During the traditional festival of Lohri, an age-old ritual to prepare Khajoor is revived in almost every sweet shop in the holy city of Amritsar. One of the most awaited winter delicacies, Khajoor is made using simple and very few ingredients such as white flour, clarified butter and of course sugar.
For people in Amritsar, it is not only a symbol of winter but also of the festival which brings families and friends together around bonfires and makes the sky colourful with kites. Regulars here have their favourite places to buy them too, mostly in the walled pocket of the town, from petit shops functional since the early 1900s.
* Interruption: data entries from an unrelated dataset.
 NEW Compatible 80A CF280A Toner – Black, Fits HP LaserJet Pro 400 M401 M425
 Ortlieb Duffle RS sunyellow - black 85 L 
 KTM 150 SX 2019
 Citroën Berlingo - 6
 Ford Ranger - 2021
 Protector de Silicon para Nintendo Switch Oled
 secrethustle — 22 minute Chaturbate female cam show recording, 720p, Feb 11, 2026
The joy of watching the sweet being prepared offers an insight into how it gets its unique flavour as sweetmeat makers prepare it in the open using coal as a fuel. Each batch, usually of 1 kg, takes 20-25 minutes to prepare. “At first, the dough is prepared which takes nearly an hour as it should be very soft and creamy. Sugar (powdered only) is mixed along. It is then given shape leaving it hollow from inside, before finally dipping it in hot clarified butter over the coal fire. It is then allowed to turn brownish and after resting it for a few minutes it is distributed into small pieces. There are also those who use steel moulds to prepare but in Amritsar, we prefer our own version,” says Vijay Kumar, a chef at the old fashioned Manohar Sweets, one of the pre-Partition shops in Guru Bazaar.
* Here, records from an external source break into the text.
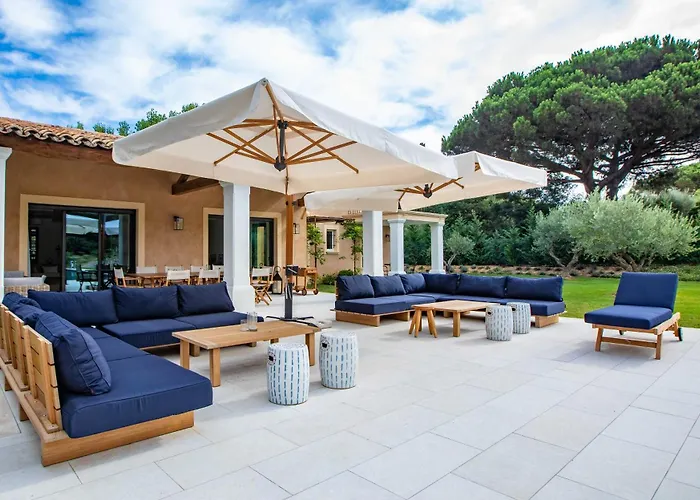 Sumptuous Facing The Bay Of Canebiers * Saint-Tropez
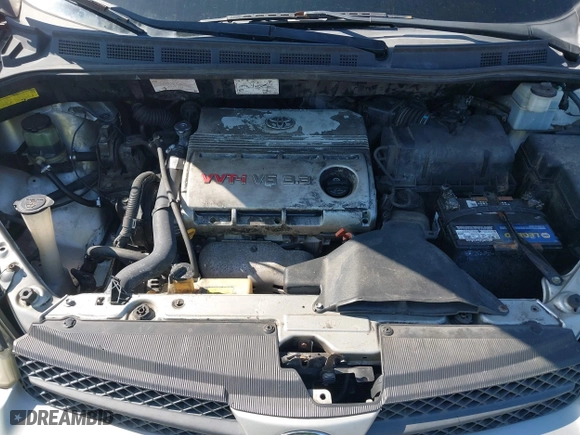 2004 Toyota Sienna CE with VIN 5TDZA23CX4S210033, listed as a IAAI auction lot 42086059 with 271,521 mi miles. Bid and sale history available at carsss.com. Image 10.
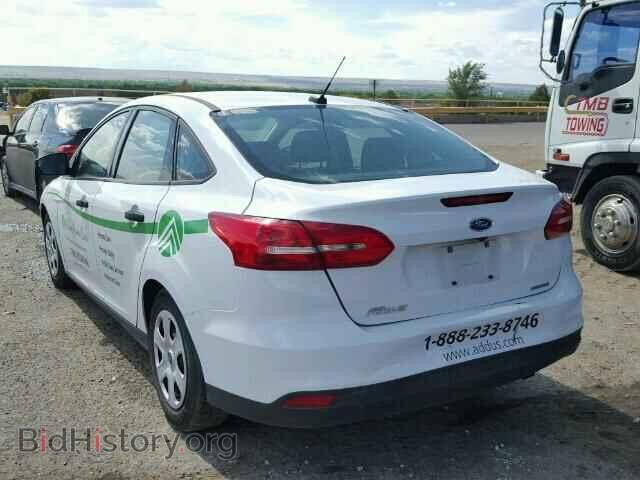 2015 FORD FOCUS - VIN: 1FADP3E22FL376074 - Photo 3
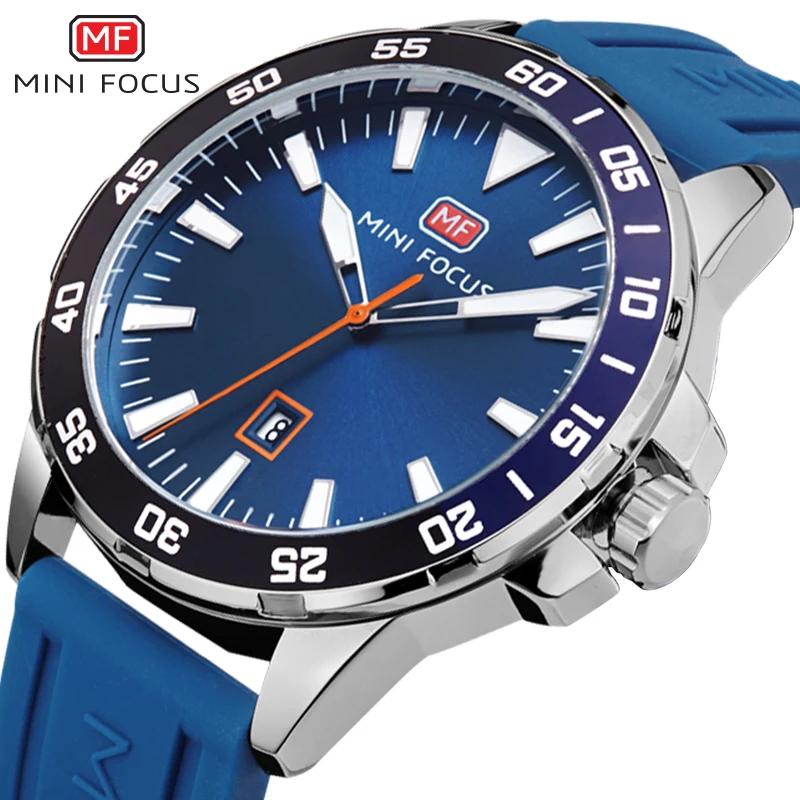 MINI FOCUS Army Military Quartz Mens Watches Top Brand Luxury Silicone Men Watch Casual Sport Male Clock Watch Relogio Masculino
MINI FOCUS Army Military Quartz Mens Watches Top Brand Luxury Silicone Men Watch Casual Sport Male Clock Watch Relogio Masculino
It costs anywhere between Rs 150 and Rs 400 for a kg, and if chefs are to be believed, ‘try it when it’s just prepared’ for the warmth it carries. This delicacy has a shelf life of 3-4 months. “It’s nearly a 150-year-old sweet which originated in the walled city of Amritsar. Since it’s a winter speciality, it was aptly promoted as a dessert that warms one up besides fuelling one with instant energy. Even the British were fond of it. If you see it in any other town of Punjab or in the neighbouring states, the recipes flowed from Amritsar,” shared Arvinder Singh Chamak, a writer and poet, from the city. According to Sukhdev Singh Sohal, a retired history professor of Guru Nanak Dev University of the city, “though Khajoor has roots in Amritsar, it shares the name of Khajoor fruit (dates) making one believe that it might have some Middle Eastern connection as well.”